The Department of Cannabis Control (DCC) is working to standardize cannabinoid test methods by 2023. Nicole Elliott, Director at DCC, was recently quoted as saying, "Individual, licensed laboratories use different methods which may produce inconsistent results and inaccurate data on cannabis cannabinoid content. DCC is working to change that, so there is greater integrity in the market, accurate information for consumers, and confidence among stakeholders."

At the time of writing, California is thus far the only state undertaking any cannabis lab regulation. Without the entire country tackling this issue head-on, the integrity of legalized cannabis is at stake.

Federal Guidance the Only Solution

As Stuck sees it, federal oversight is the only solution. As with other highly regulated industries, federally issued guidelines set the bar for methodology, equipment, and certifications. These ensure everyone plays by the same rules, making it difficult to fudge the numbers while also upholding established scientific standards.

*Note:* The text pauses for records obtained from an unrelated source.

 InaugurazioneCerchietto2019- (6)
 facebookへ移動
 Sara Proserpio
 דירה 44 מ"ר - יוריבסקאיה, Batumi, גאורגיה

While it will likely be many years before any federal shifts happen for THC, the CBD and hemp sector is supposedly on the cusp of regulation. We have been awaiting updates from the Food and Drug Administration (FDA) since the passage of the Farm Bill in 2018.

When the FDA eventually issues its guidance for CBD, it will have direct ramifications across adult-use and medical markets. There is an assumption that these federal CBD regulations will be easily adaptable across the entire cannabis landscape, THC included.

But, federal regulation is slow. Stuck explained, "I was personally hoping that the FDA, in writing the CBD and hemp standards for products, would be addressing the issue. But, unfortunately, we've been waiting over three years for those, and we don't even know when they're coming out or if they are thinking of addressing this issue."

Until federal regulation comes through, Stuck suggests that the lab industry focus on establishing Good Manufacturing Practices (GMP). It's a system used in other regulated industries (like pharmaceuticals) to ensure "that products are consistently produced and controlled according to quality standards."

Onus on Cannabis Companies to Do Better

Until the federal (or even state) government steps up to regulate an increasingly wild lab testing industry, it's up to cultivators, extractors, and manufacturers to demand accurate, consistent results based on sound scientific standards.

It's a big ask, but not an impossible one. After all, accurate test results offer increased consumer satisfaction and protection against a severe product recall event.

And good third-party labs exist. They just might not be the ones with the largest marketing budgets. Nor will they be the labs promising "great potencies."

Stuck only works with ethical, unbiased, and evidence-based labs as a consultant. She made sure to mention Agricore and Botanicore (now under the SC Labs umbrella) as two of the best options in Colorado. With a bit of research, you can find cannabis labs still committed to science, safety, and accuracy.